There’s a tacit unease, a sense of uncertainty that hasn’t been there in the past. No longer can we count on a carefree three months and a routine trip home for winter break. Some foreign students couldn’t come to Yale this fall because stiffer visa regulations prohibited them from entering the country. Others are unsure whether they’ll be authorized to travel home for vacation.
Everyone seems a little more careful now. Camp Yale featured its usual collection of parties and long coffee sessions, but the easy tone usually accompanying the University’s opening days is absent.
A good deal of the discomfort stems from the memories of last Sept. 11, brought to the front of our minds by next week’s anniversary. It doesn’t seem appropriate to be celebrating the beginning of this year when we know we’ll soon be reminded of what happened a year ago. Indeed, it’s unlikely anyone in our generation will think about the first week of school the same ever again.
But it’s more than just sadness about the anniversary of Sept. 11, 2001, that clouds these first few days. A sense of apprehension about the future has replaced the sunny optimism usually present at the beginning of a new academic year. For the first time in a decade, the nation is at war — a war that could expand as the year goes on. At Yale, the University and its labor unions have given up on the cooperative tone they struck last year, and it appears the adversarial approach of the past will return to take its place.

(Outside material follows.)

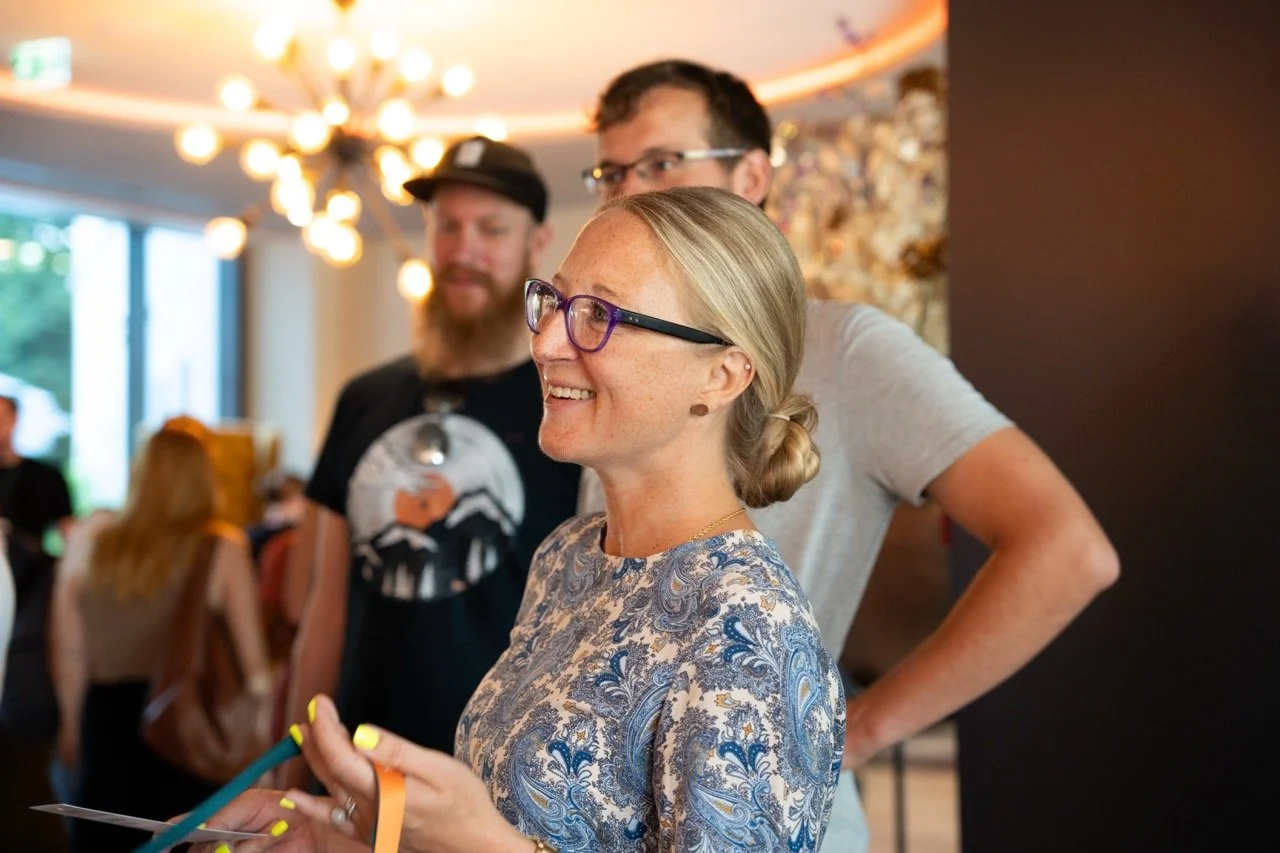 Drei Menschen in einem Raum, die Frau im Vordergrund trägt eine Brille und lächelt, während sie eine Zeitung hält. Die zwei Männer im Hintergrund sind ebenfalls lächelnd, der Raum ist modern gestaltet mit einer großen Lichtleiste an der Decke.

On last year’s first day of classes, the News worried in this space that Yalies were so busy that they had to schedule phone calls with their friends. A year later, friends are still scheduling their calls. But it’s not because they can’t find time to talk. It’s because they want to assure each other that they are safe.
The contrast shows how much has changed since this day last year. But it is also a reminder of something important that has stayed the same — the value of friendship here at Yale.
In a time of uncertainty, there’s the assurance that we’re all in it together. And if that’s what we take from the opening days of school this year, it just might reduce the anxiety.